### Data to process
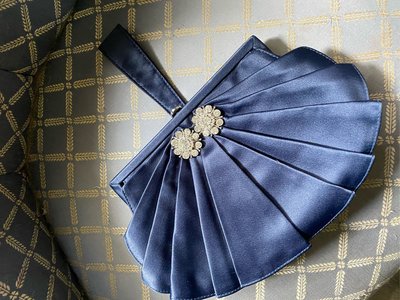 Lulu Guinness藍色鑽花緞面手拿包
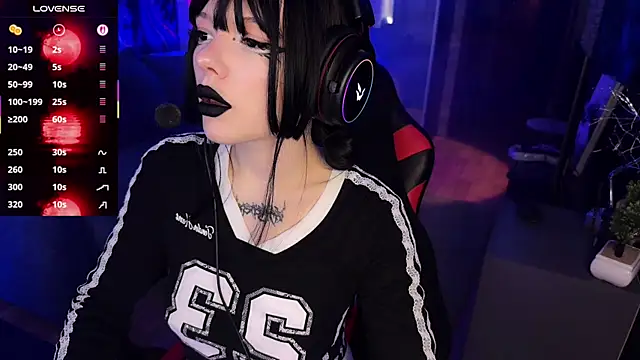 Eva-miller1 online show from 23, 10, 2025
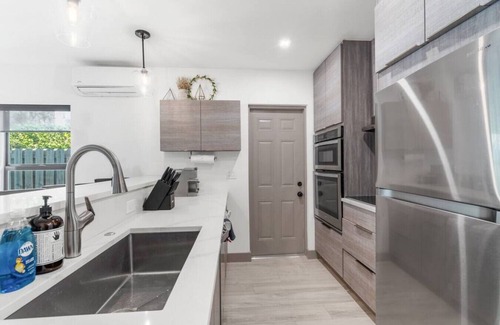 Lake Ridge Apartamento | Lauderdale Modern 1 Bedroom 1 Bathroom with Private Backyard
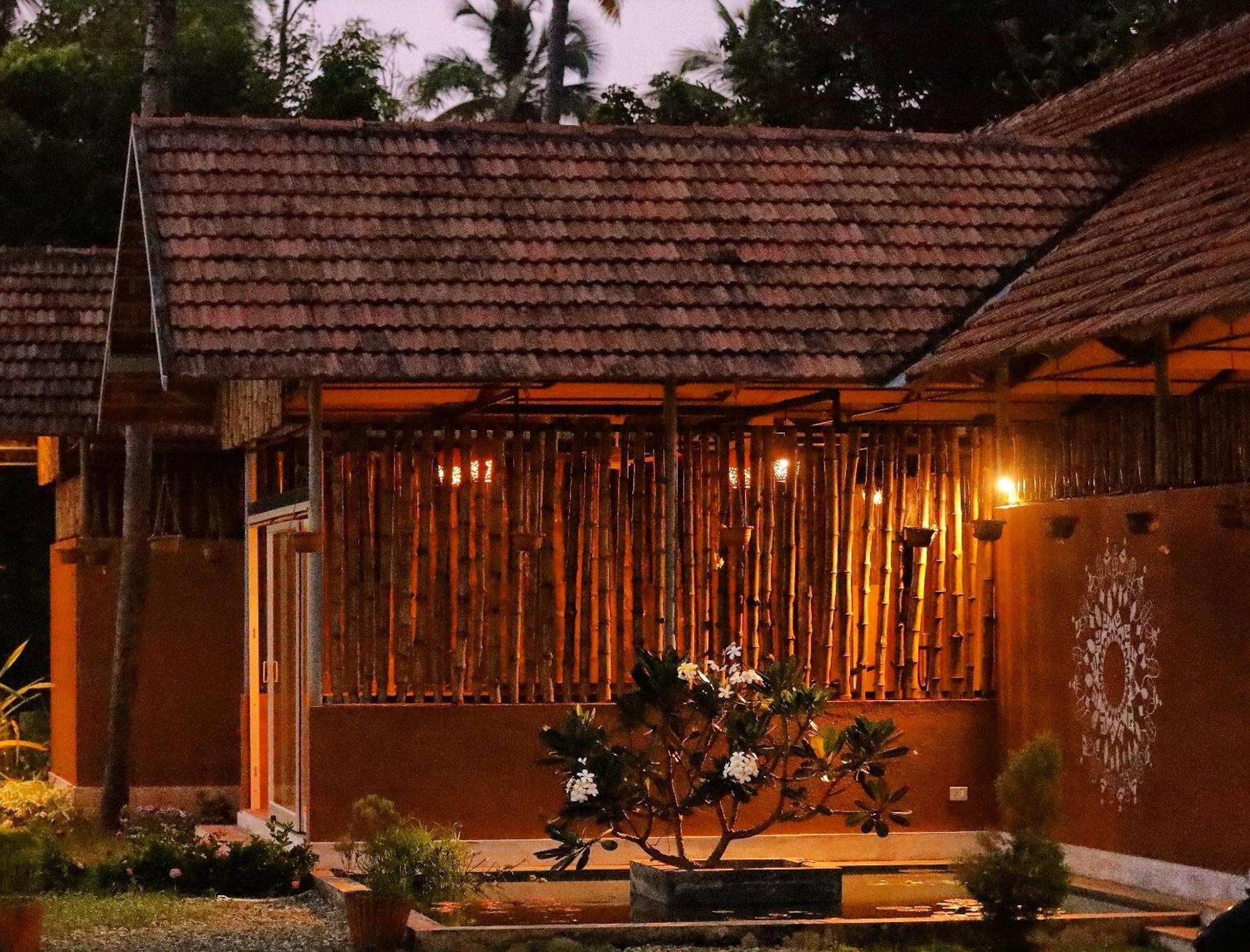 Pura Vida Varkala Hotel Екстериор снимка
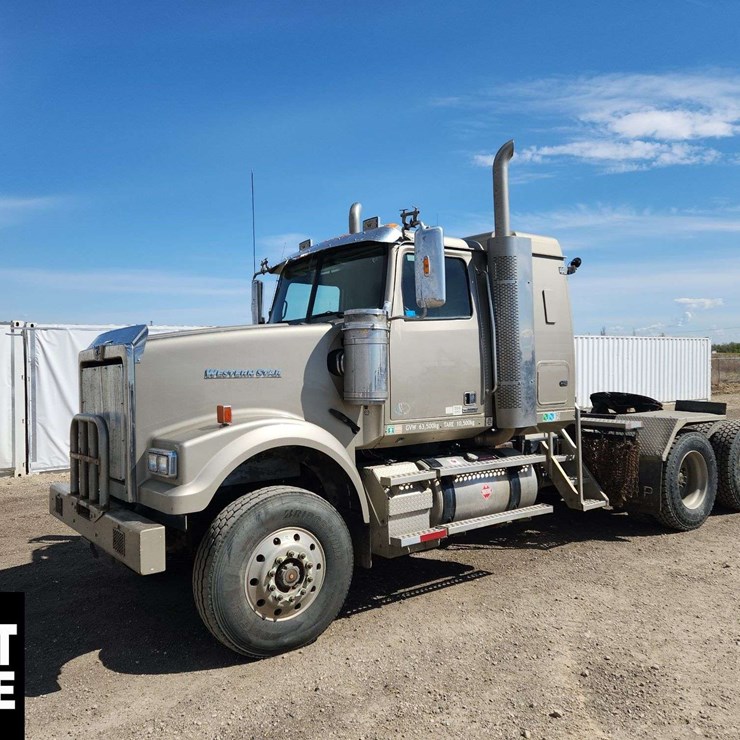 2015 WESTERN STAR 4900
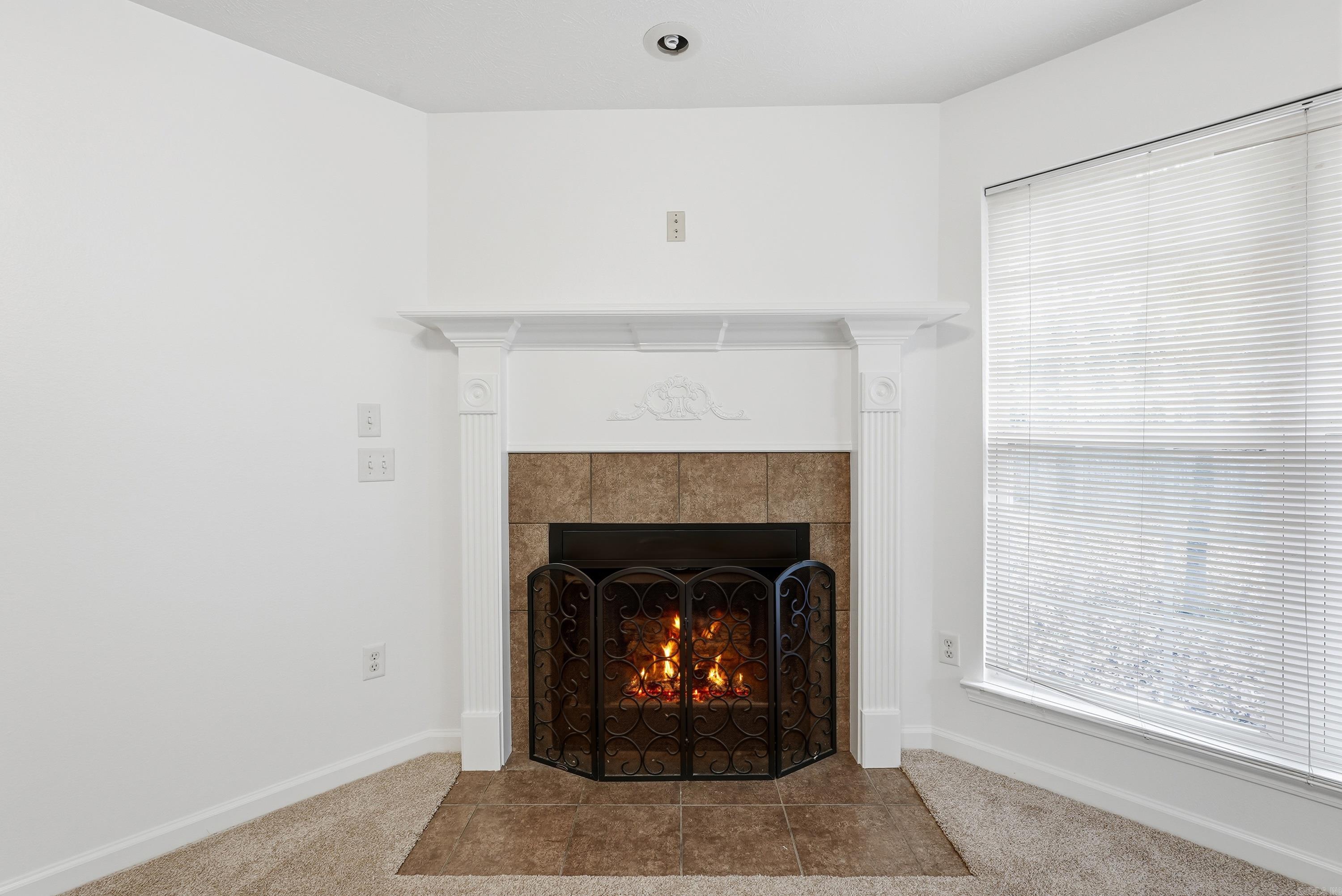 WEST POINTE - Residential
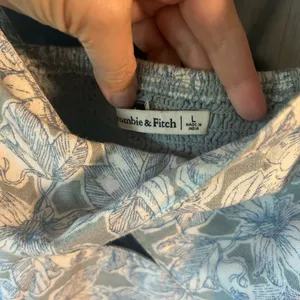 NWOT Abercrombie & Fitch Floral Linen Crop Top | Size Large thumbnail 2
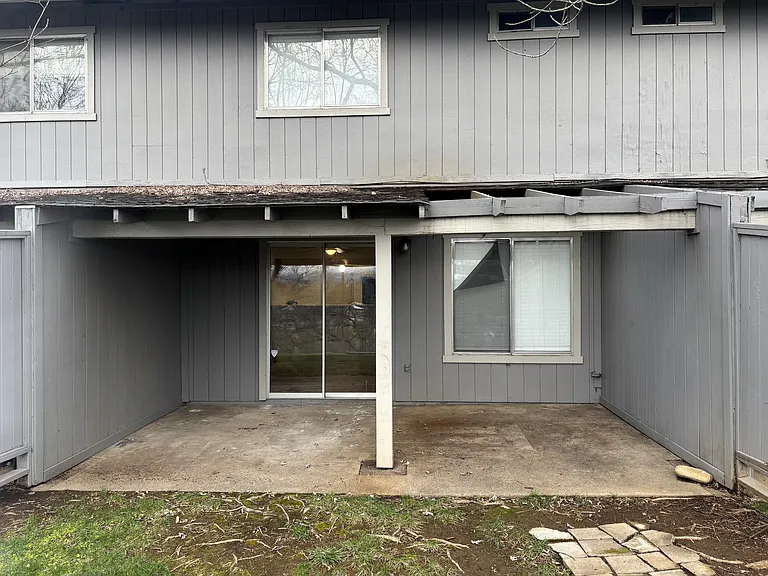 526 Kenbrook Ct — Photo 19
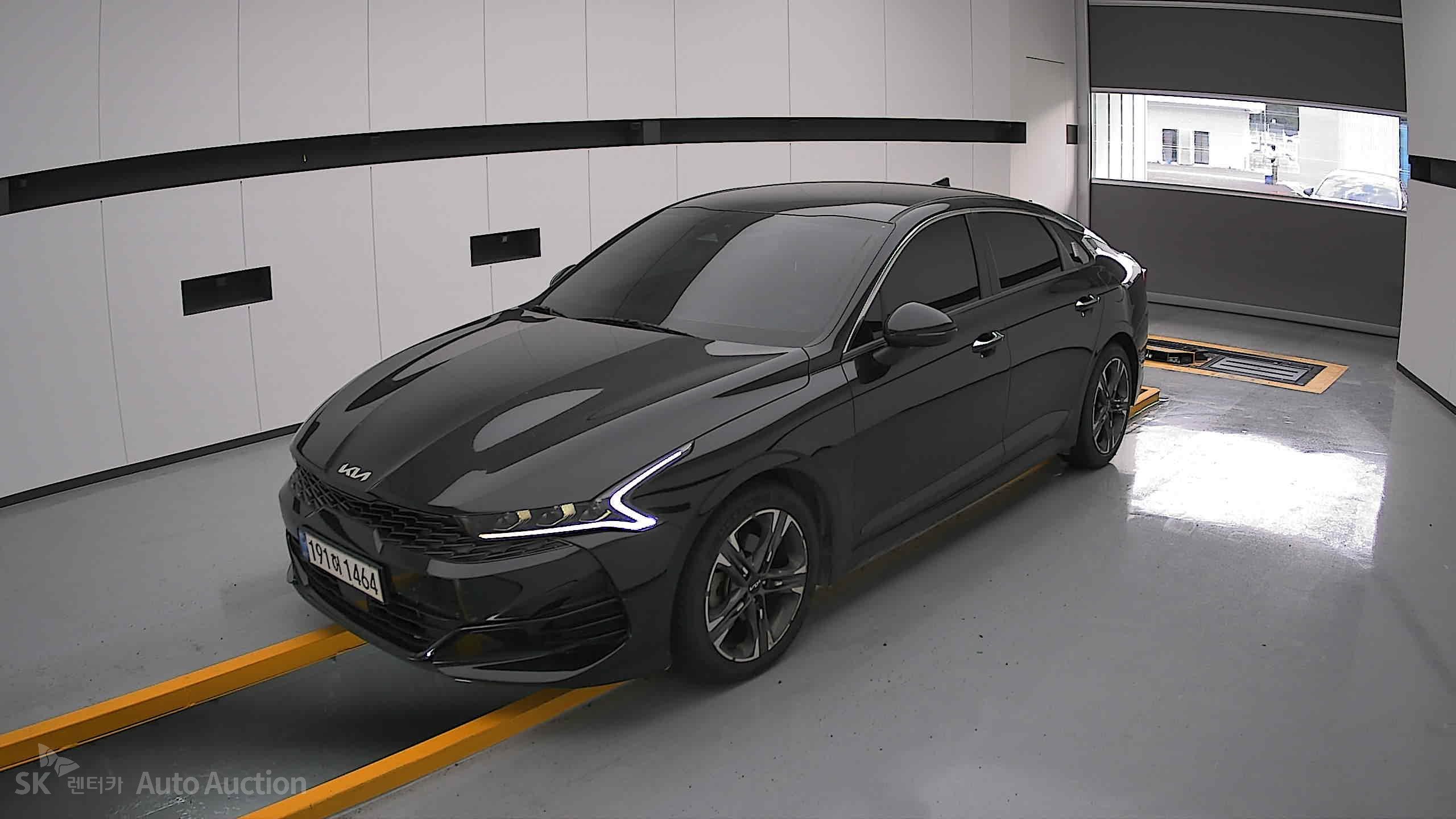 2022 - kia k5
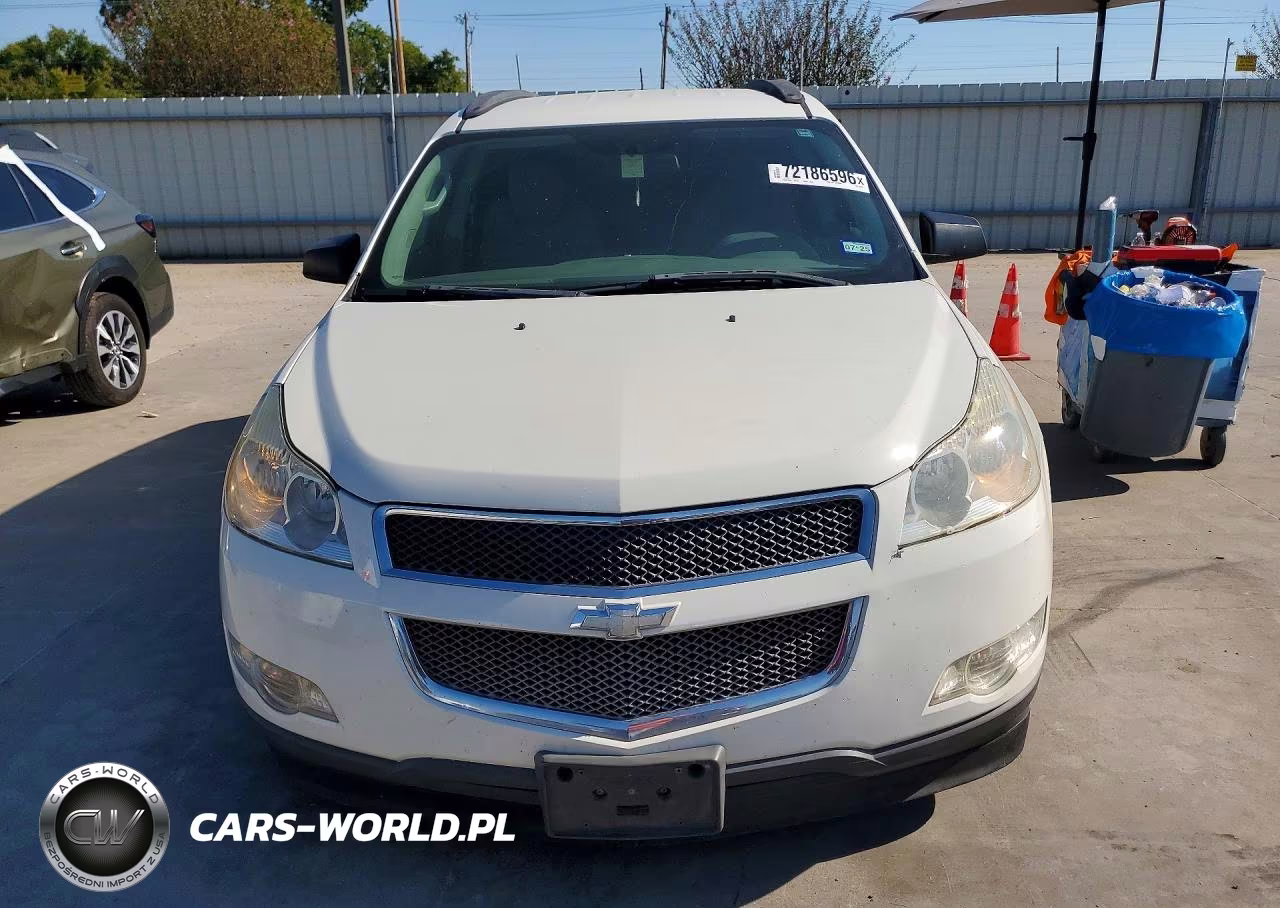 2011 Chevrolet Traverse Ls VIN:1GNKREED8BJ349760 - 5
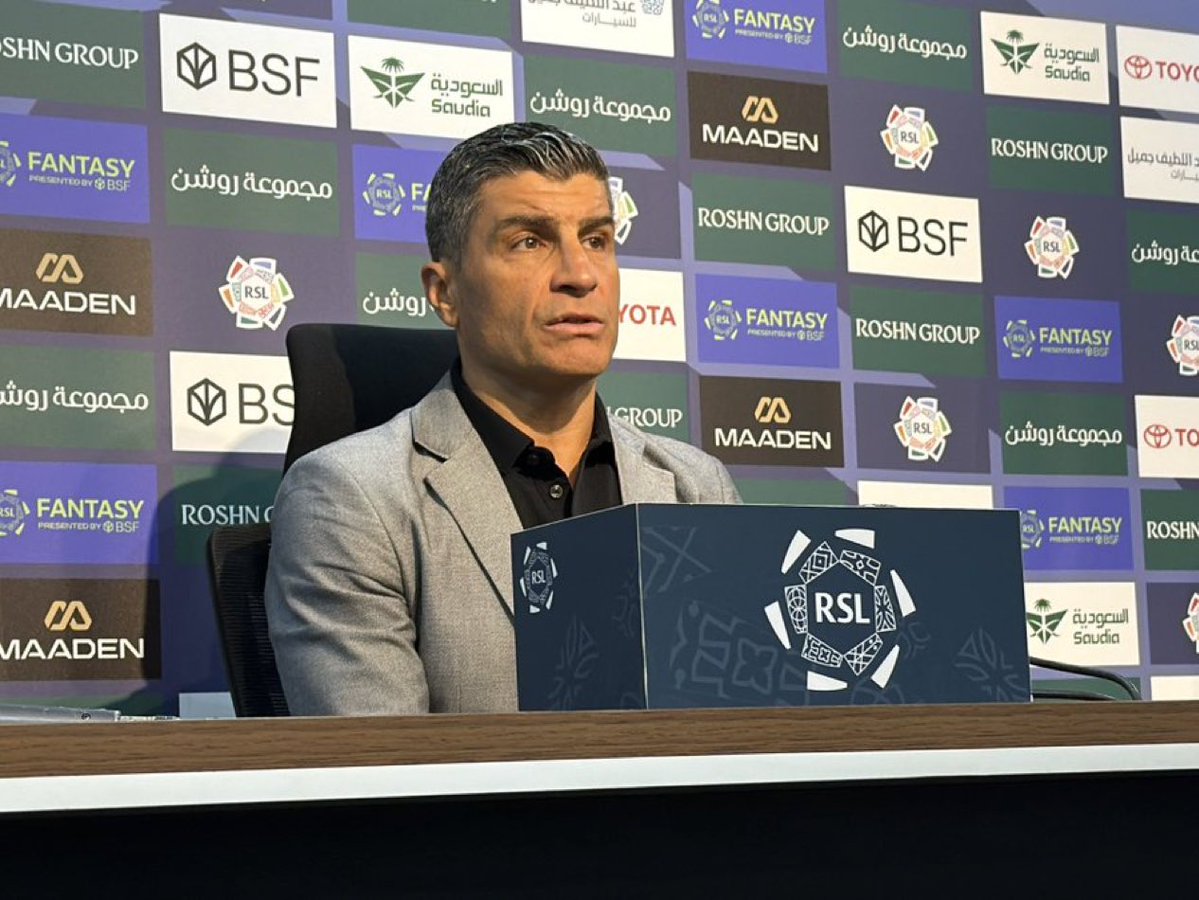 🚨🚨🚨🚨🚨🚨🚨🚨🚨🚨🚨 عاجـل |

🗣️ بيدرو ايمانويل (مدرب الفيحاء):

 نحن بحاجة الى حكام " بشخصية كبيره " لا تغير القرارات للاندية الكبيره

<a href="/nawaf__oga/">نواف العقيّل</a>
######
### What you have to do
Return, exactly as they appear, the lines from the line containing "2022 - kia k5" through the end of the records above, both ends included, without pictures.

### Answer to this problem
 2022 - kia k5
 2011 Chevrolet Traverse Ls VIN:1GNKREED8BJ349760 - 5
 🚨🚨🚨🚨🚨🚨🚨🚨🚨🚨🚨 عاجـل |

🗣️ بيدرو ايمانويل (مدرب الفيحاء):

 نحن بحاجة الى حكام " بشخصية كبيره " لا تغير القرارات للاندية الكبيره

<a href="/nawaf__oga/">نواف العقيّل</a>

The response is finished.